__Your assignment__
This exercise calls for the data below to be retyped exactly, minus any images.

__Source material__
—————

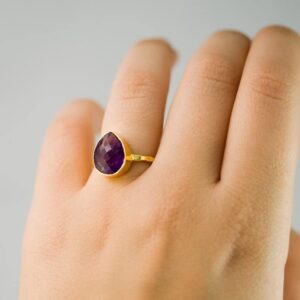 Pompom Amethyst gemstone Rings 925 Silver Band 10 mm pear (18k Gold Plated, 8.5)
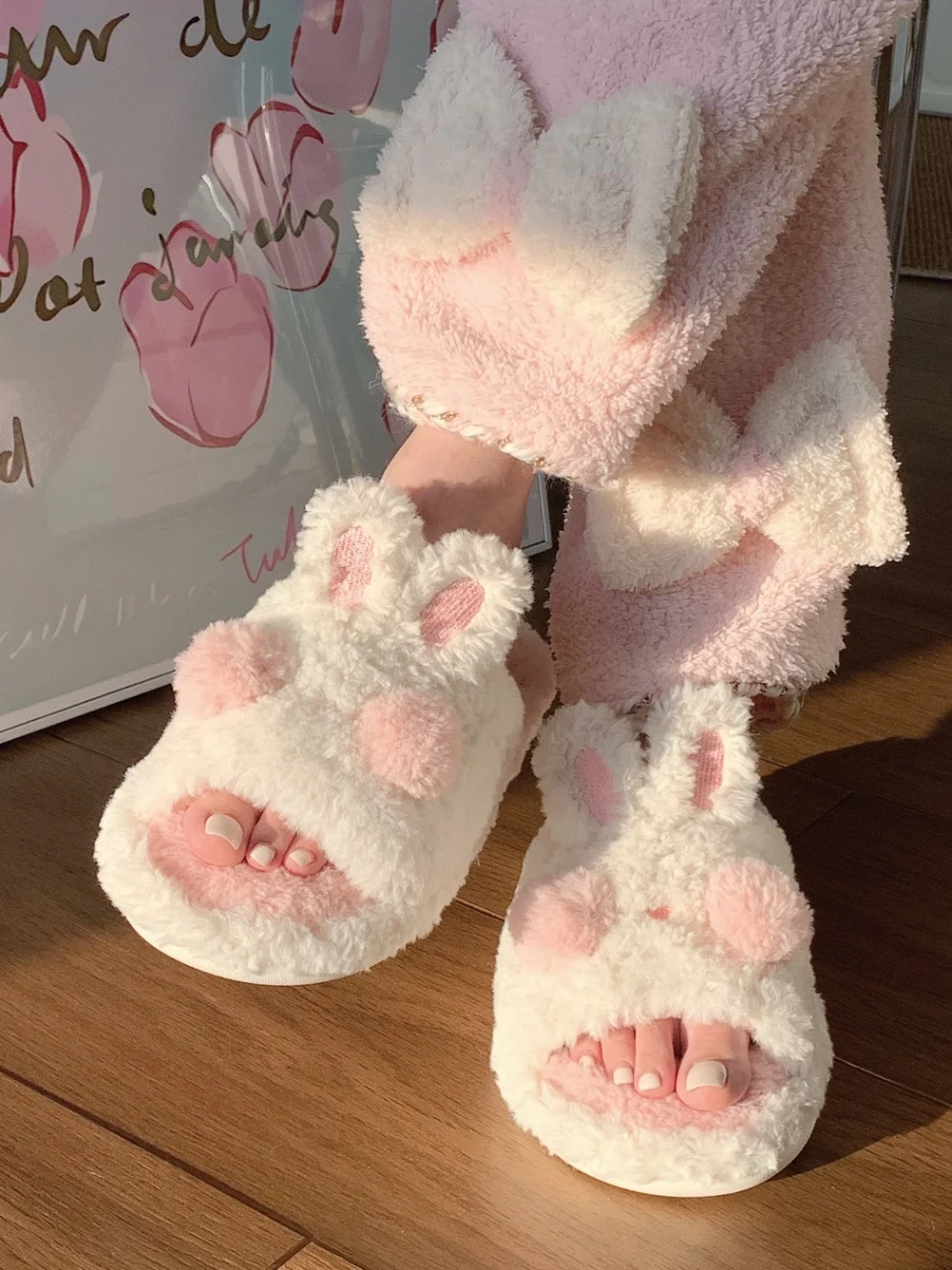 Funny Cute Rabbit Cotton Slippers Women's 2022 Autumn And Winter Home Non Slip Warm Soft Wool Shoes Women Plush Slipper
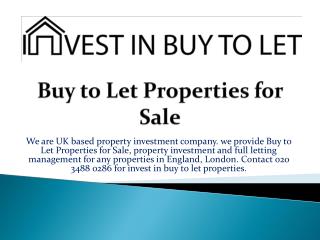 Buy to Let Properties for Sale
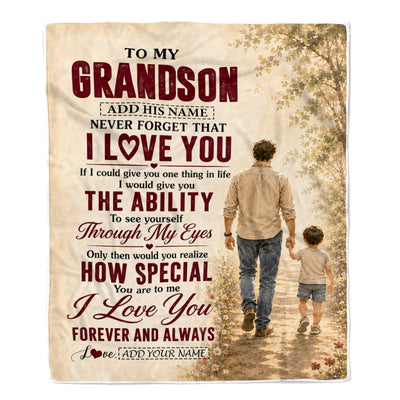 Personalized To My Grandson Gifts Blanket From Papa Grandpa Grandson Holding Hands Letter Birthday Gift Graduation Christmas Customized Bed Fleece Blanket | teecentury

—————

__Exercise result__
 Pompom Amethyst gemstone Rings 925 Silver Band 10 mm pear (18k Gold Plated, 8.5)
 Funny Cute Rabbit Cotton Slippers Women's 2022 Autumn And Winter Home Non Slip Warm Soft Wool Shoes Women Plush Slipper
 Buy to Let Properties for Sale
 Personalized To My Grandson Gifts Blanket From Papa Grandpa Grandson Holding Hands Letter Birthday Gift Graduation Christmas Customized Bed Fleece Blanket | teecentury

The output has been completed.